I am a big supporter of the fact that testing and playing with new features should not be done on production environments. It can prove to be harmful, even after you tried to clean up the system. Sometimes we are not sure what the impact of our acts can lead to. In a recent consulting engagement, I figured this out the hard way. I was brought in for slow performance suddenly and we were not sure what was happening in the system. I love tough challenges and this was no different.
Let me set some context to the learning? SQL Server 2008 introduced the concept of TDE and I was a huge supporter of using in several financial institutions. This was a capability that helped you take care of encrypting the data at rest. What this did was, in case you lost your backups or tapes it would be humanly impossible to restore the same if you don’t have the encrypted key.
To know if a database is encrypted, you will need to know from the DMV sys.databases – as shown below.
Make sure you keep checking this DMV from time to time, take the encryption key backups. Having said that, make sure you don’t store the certificate along with the backups as you are prone to data theft. As a golden rule, don’t store the backups and the keys on the same device.
Coming back to my earlier customer scenario, the server was slow because strangely the tempdb related operations were getting slower. My first instinct was to figure out if any of the databases had enabled TDE. Strangely, everything seemed to be fine and none of the databases had this value set.
On deeper inspection with the default trace, I found something interesting. To know what I did, check: SQL SERVER – Who Dropped Table or Database?

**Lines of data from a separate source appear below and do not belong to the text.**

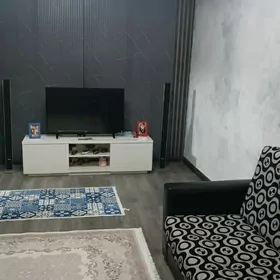 30мкр 2комнаты 2этаж ул.1Мая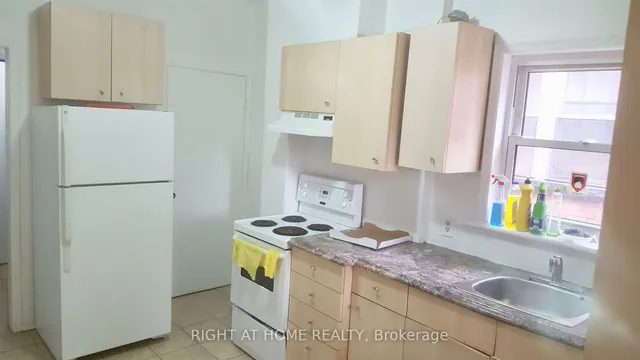 Additional image 24 of 24 Spadina Ave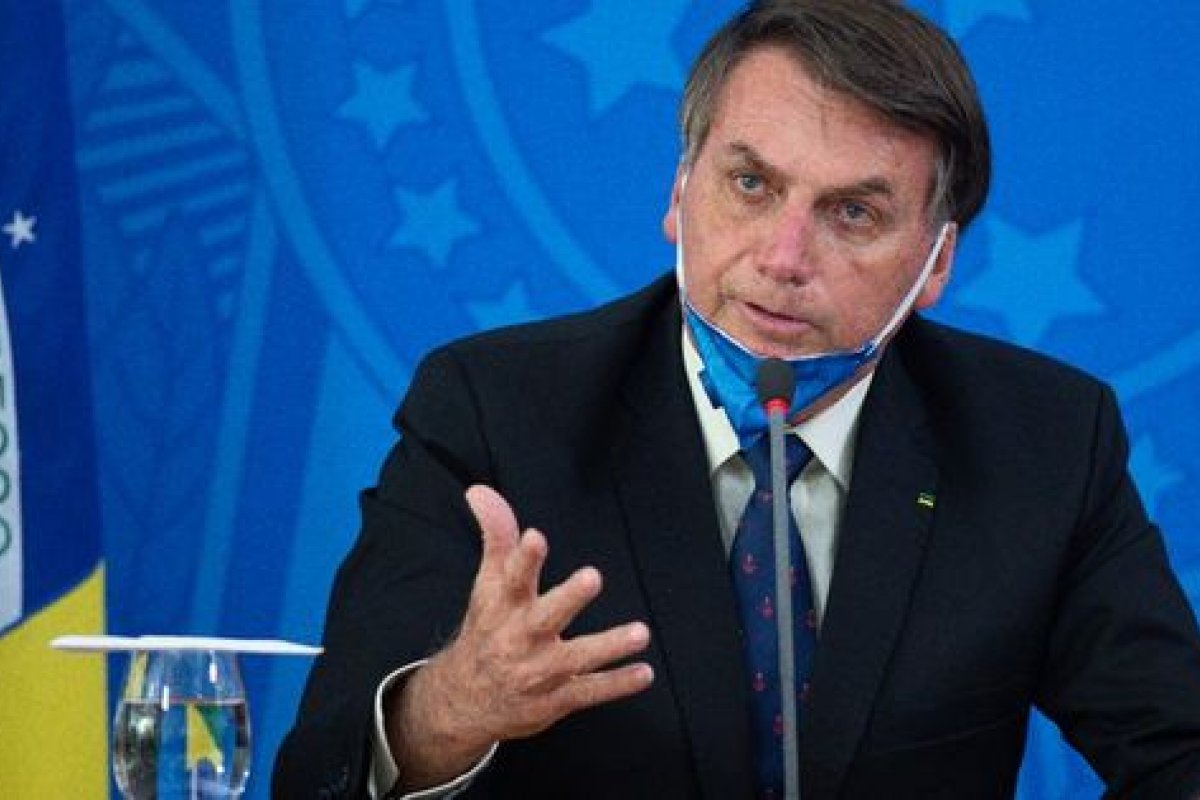"Não ouse contestar", diz Bolsonaro sobre possibilidade de editar decreto para garantir o direito de "ir e vir"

This is when I realized one of the DBA’s was playing with the production environment. He was playing and testing TDE.
This is when I had to tell the customer that once TDE is enabled on a user database, TempDB is permanently encrypted. Even after you remove the encryption or drop the database you used for testing, this encryption overhead on TempDB is not removed. This is a great learning in my opinion. Do not ever play or test in your production environments. Make sure you read the documentation well and understand the outcome of your acts.